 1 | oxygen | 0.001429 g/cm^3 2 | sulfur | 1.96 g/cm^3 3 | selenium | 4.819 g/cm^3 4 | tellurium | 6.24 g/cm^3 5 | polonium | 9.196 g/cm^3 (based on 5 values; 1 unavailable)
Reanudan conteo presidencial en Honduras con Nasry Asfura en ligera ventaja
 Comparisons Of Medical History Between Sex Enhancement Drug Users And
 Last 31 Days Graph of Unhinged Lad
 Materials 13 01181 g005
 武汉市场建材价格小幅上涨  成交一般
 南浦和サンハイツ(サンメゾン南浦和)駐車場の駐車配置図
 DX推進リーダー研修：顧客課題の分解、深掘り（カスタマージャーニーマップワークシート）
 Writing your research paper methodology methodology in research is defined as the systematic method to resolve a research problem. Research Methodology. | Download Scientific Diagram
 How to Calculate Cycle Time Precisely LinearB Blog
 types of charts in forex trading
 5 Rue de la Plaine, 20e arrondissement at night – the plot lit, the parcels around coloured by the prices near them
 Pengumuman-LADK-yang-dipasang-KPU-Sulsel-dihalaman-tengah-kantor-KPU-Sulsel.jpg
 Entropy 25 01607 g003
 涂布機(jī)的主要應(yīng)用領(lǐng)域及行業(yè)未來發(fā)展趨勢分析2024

Work instruction => Your answer must consist only of the lines from the one containing "Comparisons Of Medical" through the last line of the data above, both included, exactly as written.

Exercise answer =>
 Comparisons Of Medical History Between Sex Enhancement Drug Users And
 Last 31 Days Graph of Unhinged Lad
 Materials 13 01181 g005
 武汉市场建材价格小幅上涨  成交一般
 南浦和サンハイツ(サンメゾン南浦和)駐車場の駐車配置図
 DX推進リーダー研修：顧客課題の分解、深掘り（カスタマージャーニーマップワークシート）
 Writing your research paper methodology methodology in research is defined as the systematic method to resolve a research problem. Research Methodology. | Download Scientific Diagram
 How to Calculate Cycle Time Precisely LinearB Blog
 types of charts in forex trading
 5 Rue de la Plaine, 20e arrondissement at night – the plot lit, the parcels around coloured by the prices near them
 Pengumuman-LADK-yang-dipasang-KPU-Sulsel-dihalaman-tengah-kantor-KPU-Sulsel.jpg
 Entropy 25 01607 g003
 涂布機(jī)的主要應(yīng)用領(lǐng)域及行業(yè)未來發(fā)展趨勢分析2024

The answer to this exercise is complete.